Dimitrios Michailidis. Oedipus III , Mixed media installation (2015)

Dimitrios Michailidis. Oedipus III , Mixed media installation (2015)

Oedipus III by Dimitrios Michailidis deals with the fundamental issues one encounters when attempting to place themselves in a society. A comment on a reality in which social injustice, cruelty and anger appear before our eyes, the effect they have on identity and the power dynamics generated.

The great myth of Oedipus is applied as an allegorical comparison to the artist’s own existence in an on-going research and experimentation with form, light and shadows. He is interested and inspired by forms of suppression deriving from highly structured communities and religions. By creating theatrical scenery which allude to the spirit of ancient Greek drama the artist creates an isolated meditative space where mind and emotions can be misplaced.

Penelope Koliopoulou. Self Portrait Series, Photography work (2012)

Penelope Koliopoulou. Self Portrait Series, Photography work (2012)

Self Portrait Series by Penelope Koliopoulou portrays stories about the everyday life of couples, by transforming herself into both partners through the medium of photography. She explores intimacy and sexuality through stories, which question the boy-meets-girl pattern of traditional Hollywood love stories.

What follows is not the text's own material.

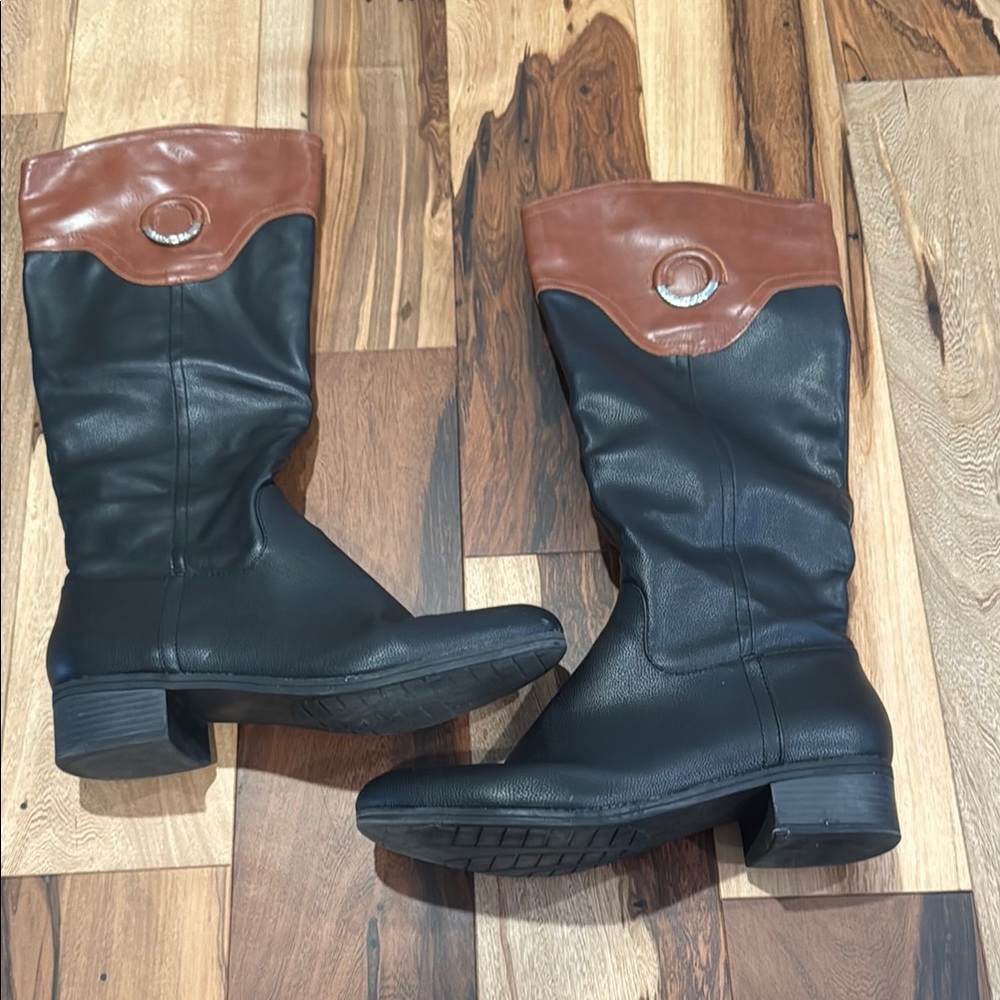 Nautica Black and Brown Heeled Boots with Classic Cowboy Silhouette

She presents a more realistic view into the workings of a love-relationship, by performing both positive and negative moments. Impersonating both partners she intends to make a comment on the issues of personal identity in a relationship and the abandonment of it, as well as gender and social stereotypes, while maintaining a level of humour.

Sometimes Iʼm ARrt by Nikolas Kasinos is an exploration of the potentialities of gender and (online) identity through the continuous palimpsest of performance. Combining live performance and video the artist seeks to re-present fantasy and desire from a viscerally located ever rewritable subject point. Transformation and/or frustration are portrayed and experienced through characters manifesting spontaneously from the act of performance.